Un farmaco sperimentale ha dimostrato una riduzione del 26% del rischio di recidiva nell’ictus ischemico. Il dato emerge dallo studio internazionale Oceanic Stroke, che ha coinvolto 22 centri italiani, coordinati dall’IRCCS Istituto delle Scienze Neurologiche di Bologna. Il trial ha valutato l’impiego di una nuova classe di antitrombotici, con particolare riferimento all’asundexian, in aggiunta alla terapia antiaggregante standard.

Lo studio ha coinvolto oltre 12.000 pazienti con ictus ischemico non cardioembolico o attacco ischemico transitorio (TIA). Il trial, sponsorizzato da Bayer, è stato coordinato a livello internazionale dal Population Health Research Institute in collaborazione con la McMaster University. I risultati sono stati presentati nei giorni scorsi all’International Stroke Conference di New Orleans e pubblicati contestualmente sul New England Journal of Medicine.

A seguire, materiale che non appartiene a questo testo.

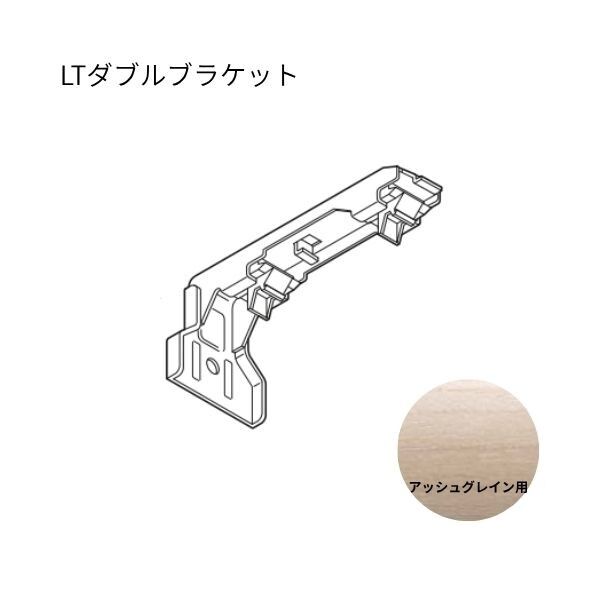 ネクスティ LTダブルブラケット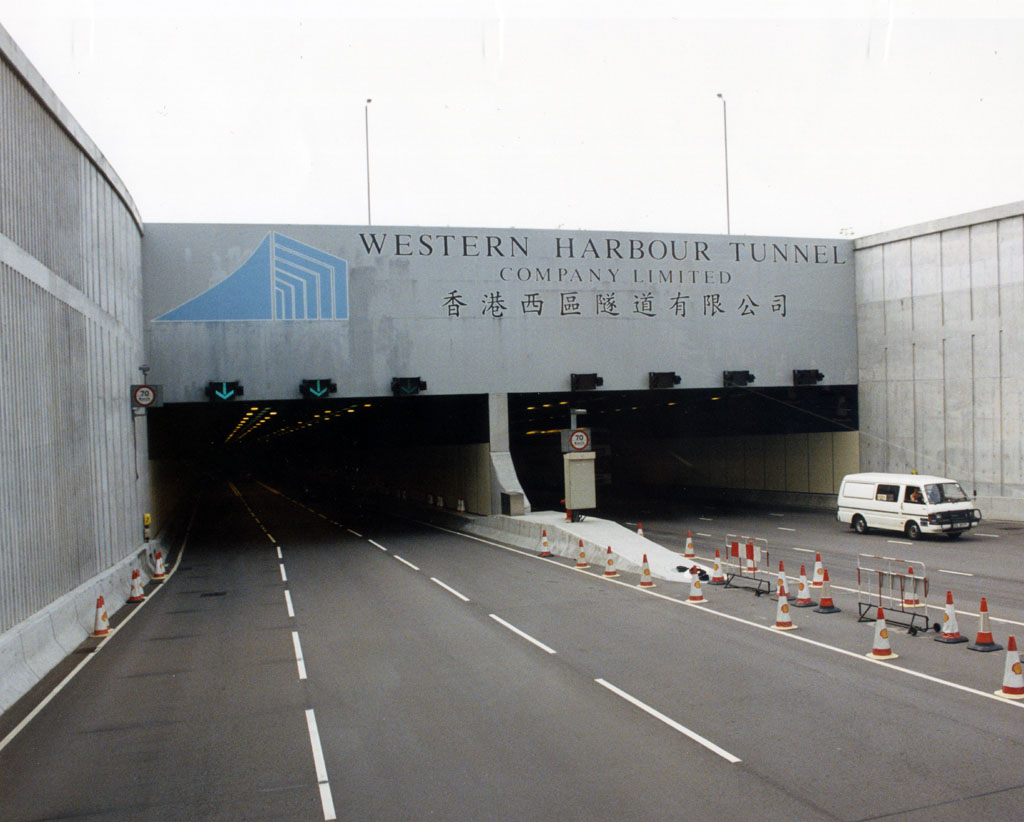 Photo 2: Western Harbour Tunnel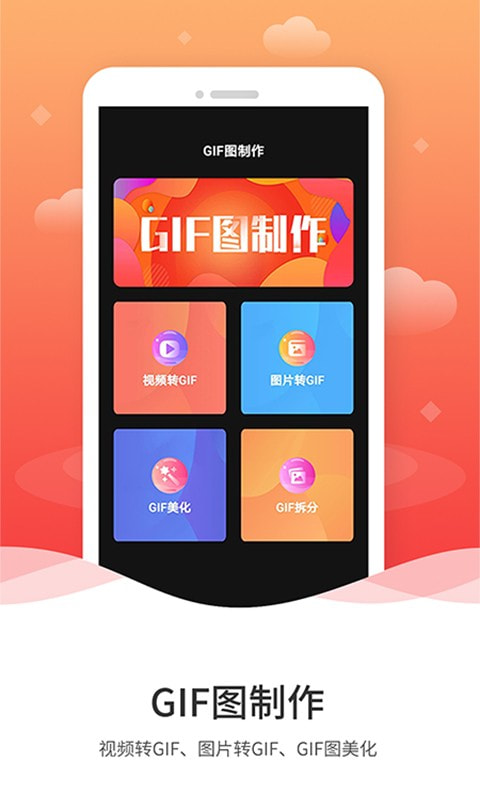 动图圈GIF制作截图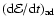 $({\rm d}\mathcal E/{\rm d}t)_{\rm ad}$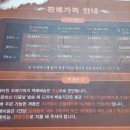 제라헌 이미지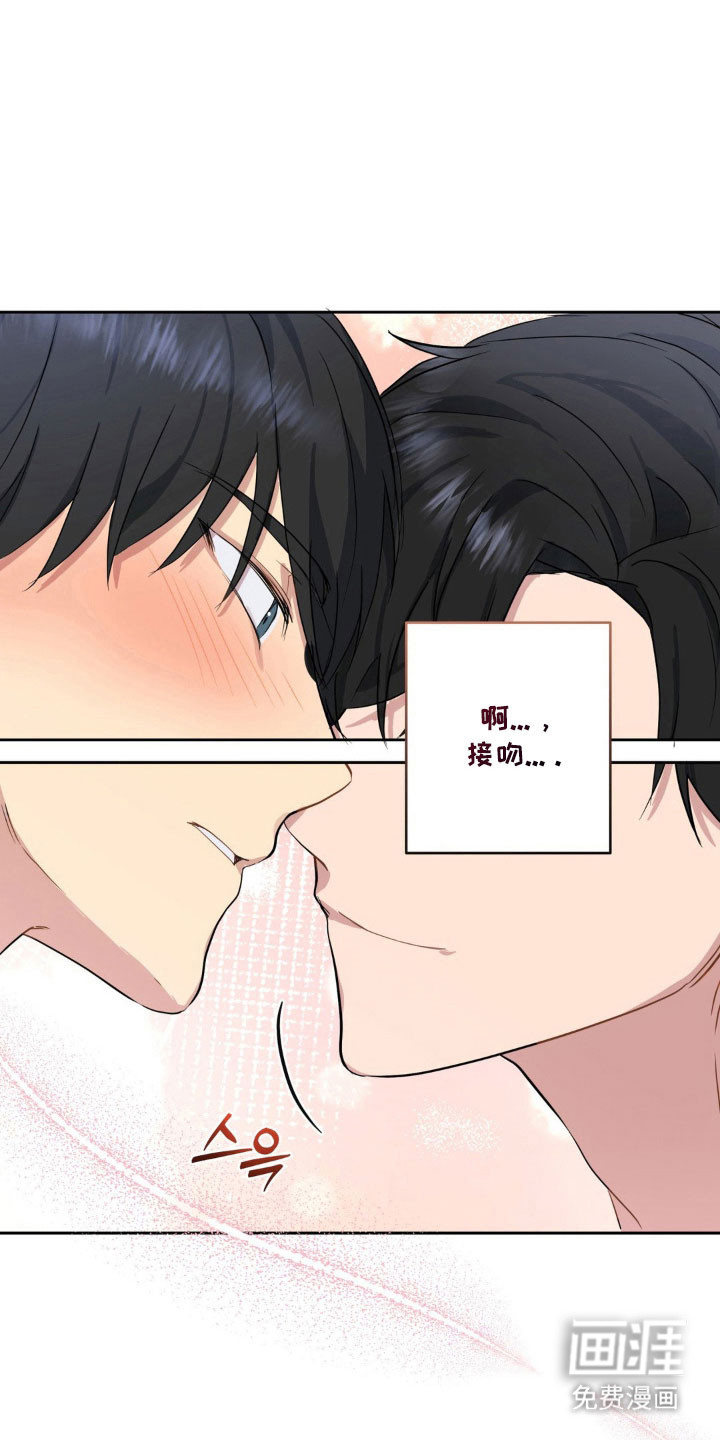 第24话12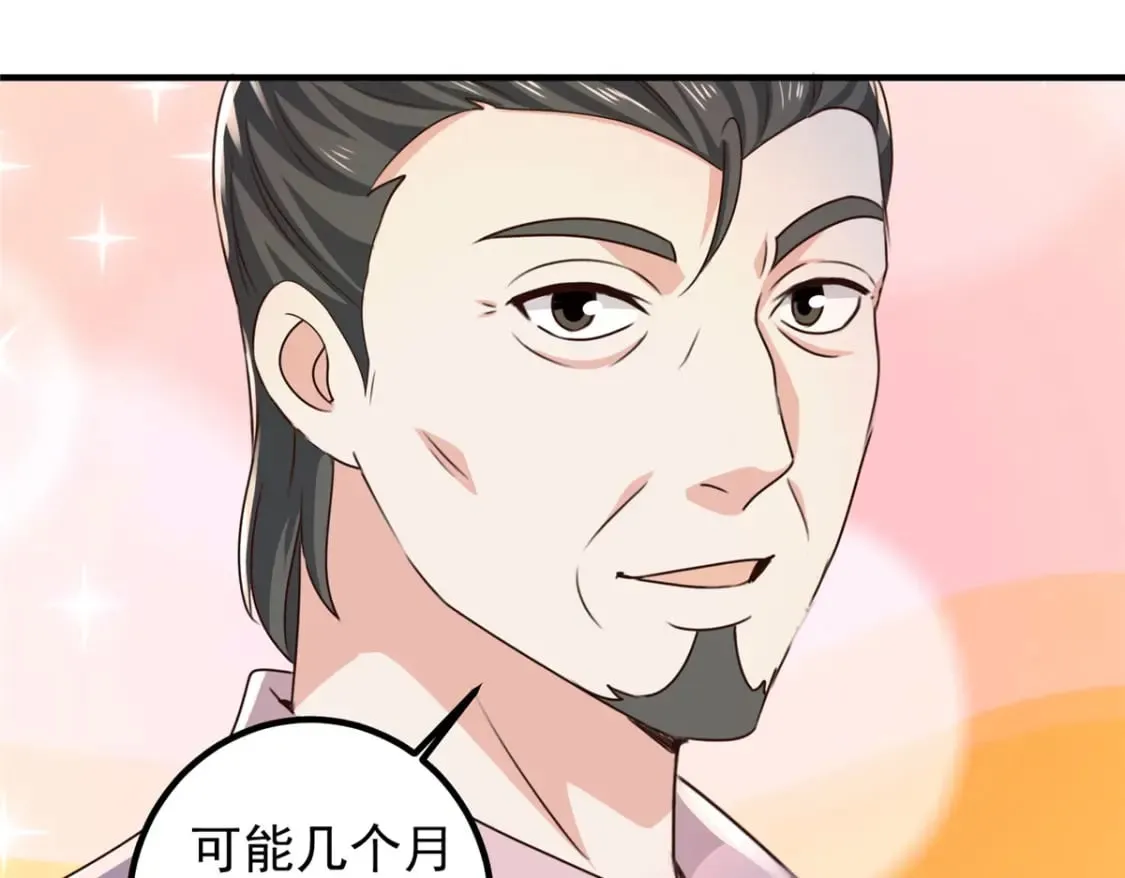 144 小露一手32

L’Italia ha partecipato allo studio con 22 centri clinici, sotto il coordinamento dell’IRCCS Istituto delle Scienze Neurologiche di Bologna, contribuendo all’arruolamento di poco meno di 400 pazienti. Di questi, circa 50 sono stati inclusi presso l’Ospedale Maggiore di Bologna, sede della Rete Stroke Metropolitana, coordinata da Andrea Zini, Principal Investigator dello studio e autore principale della pubblicazione sul New England Journal of Medicine in qualità di membro dello Steering Committee internazionale.

Fonte.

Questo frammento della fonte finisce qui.